Affiliate marketing has gained a lot of notice in recent years as a powerful revenue generator for online media outlets. Using this model, there’s potential for associations to gain a nondues revenue source—but it’s going to require that your organization do its homework.
As I noted last week, digital advertising has a lot of issues at the moment—and some of those issues will take quite a bit of time to solve.
But I have to wonder if associations looking for a stream of nondues revenue might do themselves a favor by looking to see what other options are out there.
One of those options is affiliate marketing, a model that’s existed online for decades.

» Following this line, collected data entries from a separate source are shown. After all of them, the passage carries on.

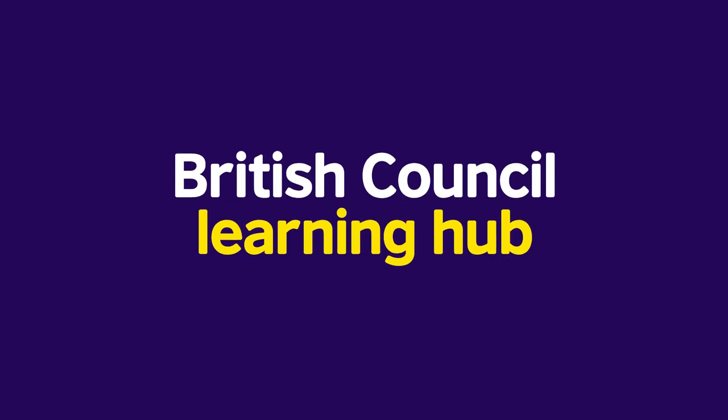Welcome to the British Council Learning Hub for secondary plus students. We know what you're thinking: what is the Learning Hub? Well wonder no more. We're going to tell you all about it so you can make the most out of learning English with the British Council.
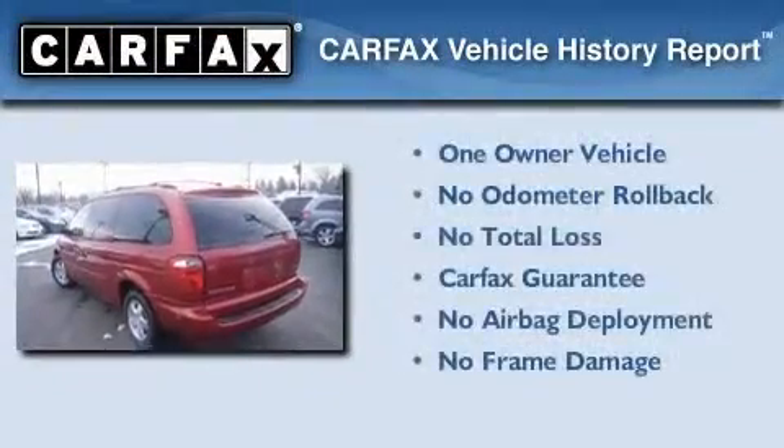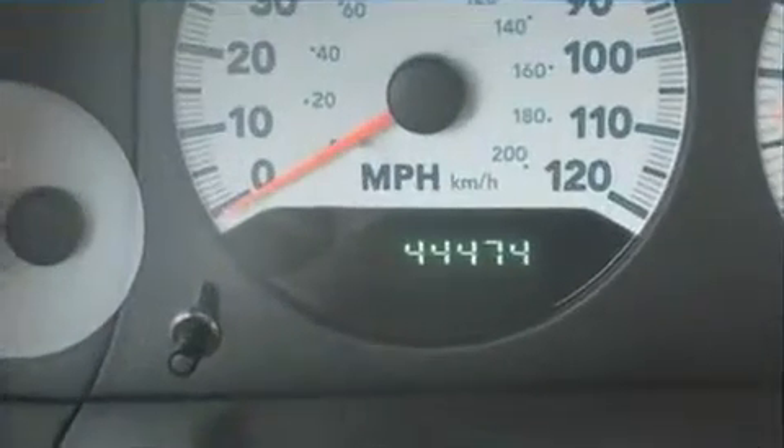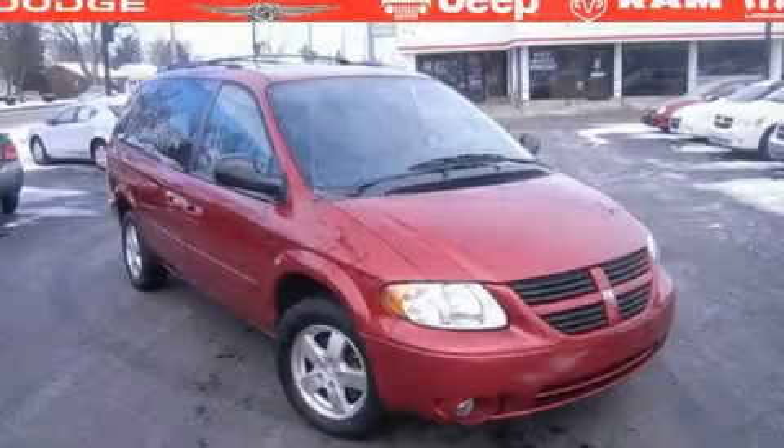This Dodge has had only one owner, and it qualifies for the Carfax buy-back guarantee. We invite you to contact us today to learn more about this vehicle.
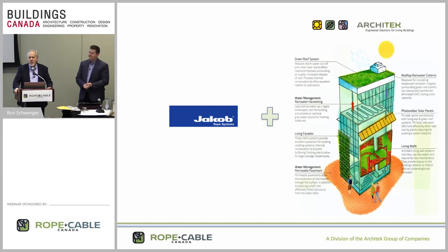My name is Ron Schwanger. I'm the principal at Rope and Cable Canada. We're headquartered out of Vancouver, British Columbia, but we're happy to be here in Toronto. This is my colleague Jeff McCluskey. He is the technical expert in stainless steel for our stainless steel division, so he'll be here to answer any questions you have.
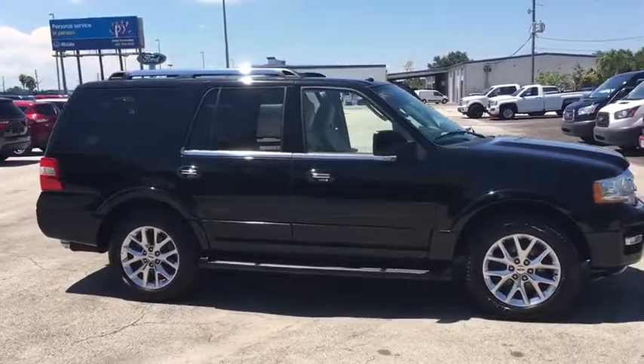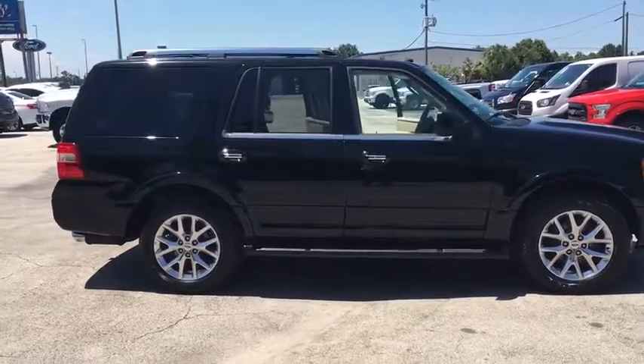This vehicle has less than 45,000 miles. Here are some of this vehicle's great options.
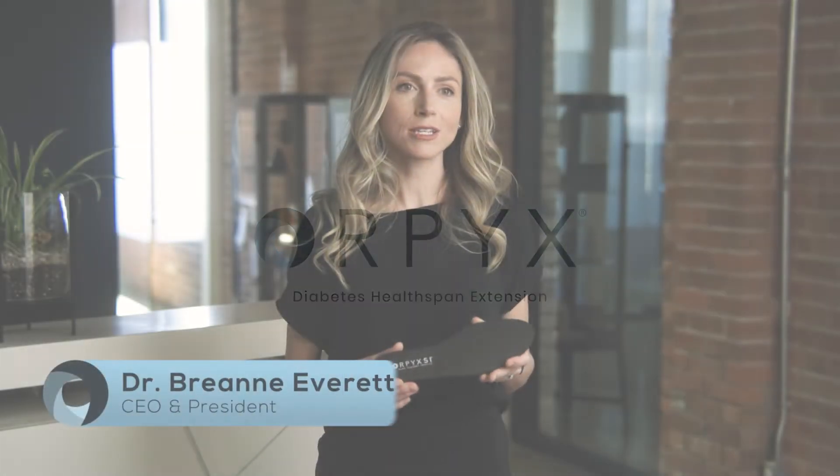Orpix is a company focused on digital healthspan extension. We're really focused on creating tools that allow for continuity of care from an in-person visit and beyond. We've created a very unique sensory insole system that allows for the most comprehensive continuous remote care program to improve engagement and mobility for people living with diabetes.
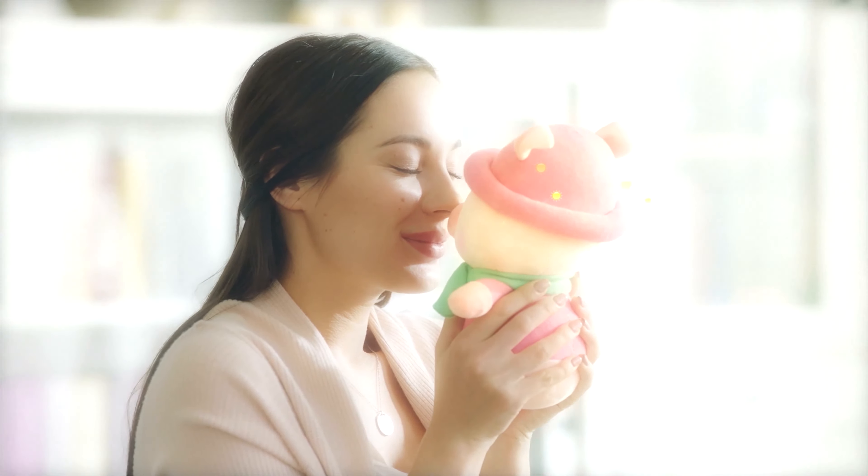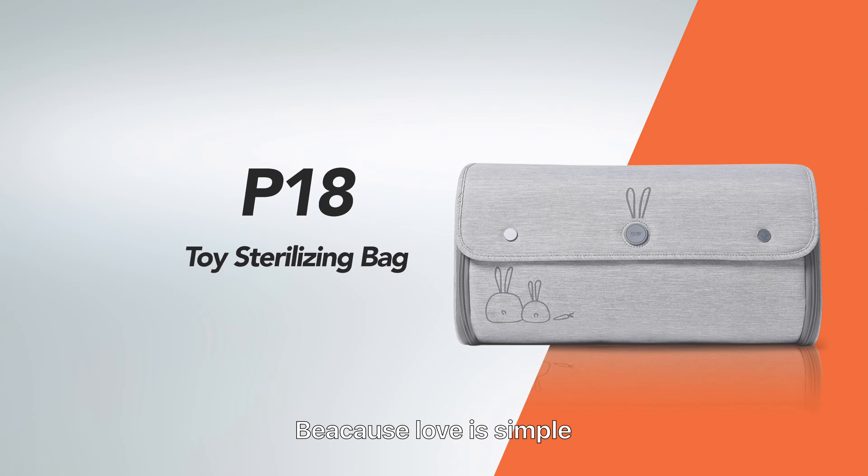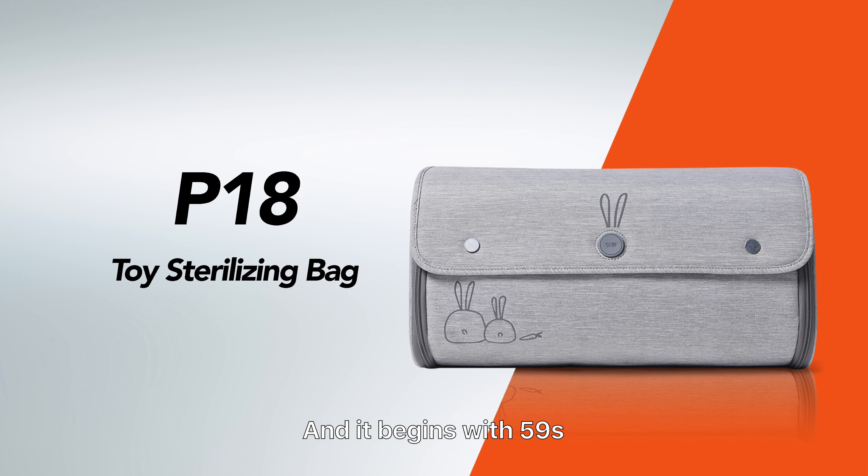So smell the freshness of the sun. Enjoy the time with your child. Because love is simple and it begins with 59S.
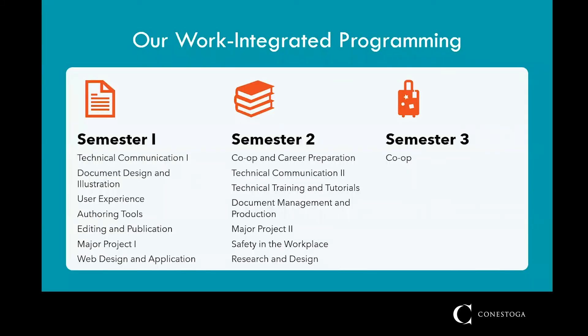Our courses simulate actual work scenarios. We partner with community businesses to bring the field to the classroom through guest speakers, networking opportunities, and major projects. You can see the program at a glance here.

Over the years, the strategy has increasingly gained attention in the journalism world as a way to fund niche forms of online news.
If you’re not familiar with the basic concept, here’s how it works: Let’s say you mention a book on your website, or want to give a shout-out to a product on a social feed. Rather than simply linking the product using a normal link, you share a special link that ties the URL to an affiliate code. If that link leads to a purchase, you’d get a small kickback for the recommendation.
This model is common for many websites, but is most closely associated with Amazon, due to its popularity and breadth of products.
It sounds like a modest little model, but it’s proven hugely successful for some media startups over the years. For example, The Wirecutter, a product review site in the Consumer Reports mold, was sold to the New York Times Company last year for $30 million on the back of affiliate revenue alone.
When done properly, it can help boost the revenues for an online publication in a noticeable way.
Media outlets have increasingly been experimenting with affiliate marketing as a way to sell books, music, or other products sold by Amazon or similar companies. The Gizmodo Media Group, the network of sites formerly run by Gawker Media and now owned by Univision, is particularly good at this—see its Kinja Deals site over this way.
The Concerns With This Model
All of this is well and good. When done well, it can be a more consumer-friendly model than tracker-heavy ads are. If people read about a book you mention on your website, the odds that they’ll buy that book are slightly higher than before they read about it.
And when done properly, it can help boost the revenues for an online publication in a noticeable way.
But let’s be clear: It’s not a perfect model. There are a few important considerations here, and some of them highlight the risks that come with this strategy. Among them:
Transparency is a must: In 2013, blogger Maria Popova of the popular website Brain Pickings found herself at the center of a major controversy after a website pointed out that Popova did not disclose her use of affiliate links, which raised concerns since her public comments implied she did not rely on advertising at all (in fact, she was very critical of ads). Popova eventually left a disclosure on her website, but had she simply made clear her use of such links in the first place, it would have spared her a lot of headaches. (With that out of the way, it should be noted that Brain Pickings is a great model to borrow from if you’re considering affiliate marketing.)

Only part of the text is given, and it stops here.